Word for word, repeat each record that follows.
** Opening Information given block **
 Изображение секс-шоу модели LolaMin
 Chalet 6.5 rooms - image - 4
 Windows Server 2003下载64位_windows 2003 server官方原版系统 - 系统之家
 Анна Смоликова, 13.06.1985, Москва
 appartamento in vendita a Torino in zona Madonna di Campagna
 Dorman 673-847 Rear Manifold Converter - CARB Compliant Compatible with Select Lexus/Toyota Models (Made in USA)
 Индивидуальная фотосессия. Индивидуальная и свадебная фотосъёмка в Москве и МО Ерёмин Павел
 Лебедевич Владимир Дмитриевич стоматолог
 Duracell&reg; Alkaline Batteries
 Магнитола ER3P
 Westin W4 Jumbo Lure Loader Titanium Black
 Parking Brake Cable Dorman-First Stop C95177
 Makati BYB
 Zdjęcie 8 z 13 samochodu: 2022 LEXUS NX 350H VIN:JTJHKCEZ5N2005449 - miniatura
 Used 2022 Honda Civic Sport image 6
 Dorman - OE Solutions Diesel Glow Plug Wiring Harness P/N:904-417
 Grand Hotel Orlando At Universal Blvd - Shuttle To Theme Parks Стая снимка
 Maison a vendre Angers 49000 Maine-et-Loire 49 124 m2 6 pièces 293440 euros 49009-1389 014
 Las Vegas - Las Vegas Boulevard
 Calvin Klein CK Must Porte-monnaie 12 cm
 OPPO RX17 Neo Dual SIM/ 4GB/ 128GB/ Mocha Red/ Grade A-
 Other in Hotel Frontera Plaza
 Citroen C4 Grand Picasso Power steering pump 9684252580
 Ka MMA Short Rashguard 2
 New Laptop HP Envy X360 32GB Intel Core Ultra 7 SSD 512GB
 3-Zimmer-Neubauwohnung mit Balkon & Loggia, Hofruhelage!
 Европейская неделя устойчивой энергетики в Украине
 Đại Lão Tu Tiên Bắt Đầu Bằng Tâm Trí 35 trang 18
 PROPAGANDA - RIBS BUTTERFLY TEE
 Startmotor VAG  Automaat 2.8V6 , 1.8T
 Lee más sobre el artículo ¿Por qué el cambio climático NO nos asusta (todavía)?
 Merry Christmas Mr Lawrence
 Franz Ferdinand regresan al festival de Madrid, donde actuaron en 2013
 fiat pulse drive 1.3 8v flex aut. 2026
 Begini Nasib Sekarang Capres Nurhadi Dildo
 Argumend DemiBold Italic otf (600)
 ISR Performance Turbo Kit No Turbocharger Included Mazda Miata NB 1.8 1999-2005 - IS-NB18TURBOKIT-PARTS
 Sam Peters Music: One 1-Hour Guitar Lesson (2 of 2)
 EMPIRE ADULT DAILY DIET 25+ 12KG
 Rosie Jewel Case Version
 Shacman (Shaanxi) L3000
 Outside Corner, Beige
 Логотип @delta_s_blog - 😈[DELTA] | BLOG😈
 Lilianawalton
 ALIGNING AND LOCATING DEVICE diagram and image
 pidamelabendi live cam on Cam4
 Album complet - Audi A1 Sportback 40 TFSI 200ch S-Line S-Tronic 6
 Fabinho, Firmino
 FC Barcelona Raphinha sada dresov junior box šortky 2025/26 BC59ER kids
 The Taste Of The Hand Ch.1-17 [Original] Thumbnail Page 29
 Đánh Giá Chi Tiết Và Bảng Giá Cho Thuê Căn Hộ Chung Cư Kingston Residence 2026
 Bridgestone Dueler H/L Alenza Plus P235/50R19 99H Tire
** Closing Information given block **
#### [Answer below]
 Изображение секс-шоу модели LolaMin
 Chalet 6.5 rooms - image - 4
 Windows Server 2003下载64位_windows 2003 server官方原版系统 - 系统之家
 Анна Смоликова, 13.06.1985, Москва
 appartamento in vendita a Torino in zona Madonna di Campagna
 Dorman 673-847 Rear Manifold Converter - CARB Compliant Compatible with Select Lexus/Toyota Models (Made in USA)
 Индивидуальная фотосессия. Индивидуальная и свадебная фотосъёмка в Москве и МО Ерёмин Павел
 Лебедевич Владимир Дмитриевич стоматолог
 Duracell&reg; Alkaline Batteries
 Магнитола ER3P
 Westin W4 Jumbo Lure Loader Titanium Black
 Parking Brake Cable Dorman-First Stop C95177
 Makati BYB
 Zdjęcie 8 z 13 samochodu: 2022 LEXUS NX 350H VIN:JTJHKCEZ5N2005449 - miniatura
 Used 2022 Honda Civic Sport image 6
 Dorman - OE Solutions Diesel Glow Plug Wiring Harness P/N:904-417
 Grand Hotel Orlando At Universal Blvd - Shuttle To Theme Parks Стая снимка
 Maison a vendre Angers 49000 Maine-et-Loire 49 124 m2 6 pièces 293440 euros 49009-1389 014
 Las Vegas - Las Vegas Boulevard
 Calvin Klein CK Must Porte-monnaie 12 cm
 OPPO RX17 Neo Dual SIM/ 4GB/ 128GB/ Mocha Red/ Grade A-
 Other in Hotel Frontera Plaza
 Citroen C4 Grand Picasso Power steering pump 9684252580
 Ka MMA Short Rashguard 2
 New Laptop HP Envy X360 32GB Intel Core Ultra 7 SSD 512GB
 3-Zimmer-Neubauwohnung mit Balkon & Loggia, Hofruhelage!
 Европейская неделя устойчивой энергетики в Украине
 Đại Lão Tu Tiên Bắt Đầu Bằng Tâm Trí 35 trang 18
 PROPAGANDA - RIBS BUTTERFLY TEE
 Startmotor VAG  Automaat 2.8V6 , 1.8T
 Lee más sobre el artículo ¿Por qué el cambio climático NO nos asusta (todavía)?
 Merry Christmas Mr Lawrence
 Franz Ferdinand regresan al festival de Madrid, donde actuaron en 2013
 fiat pulse drive 1.3 8v flex aut. 2026
 Begini Nasib Sekarang Capres Nurhadi Dildo
 Argumend DemiBold Italic otf (600)
 ISR Performance Turbo Kit No Turbocharger Included Mazda Miata NB 1.8 1999-2005 - IS-NB18TURBOKIT-PARTS
 Sam Peters Music: One 1-Hour Guitar Lesson (2 of 2)
 EMPIRE ADULT DAILY DIET 25+ 12KG
 Rosie Jewel Case Version
 Shacman (Shaanxi) L3000
 Outside Corner, Beige
 Логотип @delta_s_blog - 😈[DELTA] | BLOG😈
 Lilianawalton
 ALIGNING AND LOCATING DEVICE diagram and image
 pidamelabendi live cam on Cam4
 Album complet - Audi A1 Sportback 40 TFSI 200ch S-Line S-Tronic 6
 Fabinho, Firmino
 FC Barcelona Raphinha sada dresov junior box šortky 2025/26 BC59ER kids
 The Taste Of The Hand Ch.1-17 [Original] Thumbnail Page 29
 Đánh Giá Chi Tiết Và Bảng Giá Cho Thuê Căn Hộ Chung Cư Kingston Residence 2026
 Bridgestone Dueler H/L Alenza Plus P235/50R19 99H Tire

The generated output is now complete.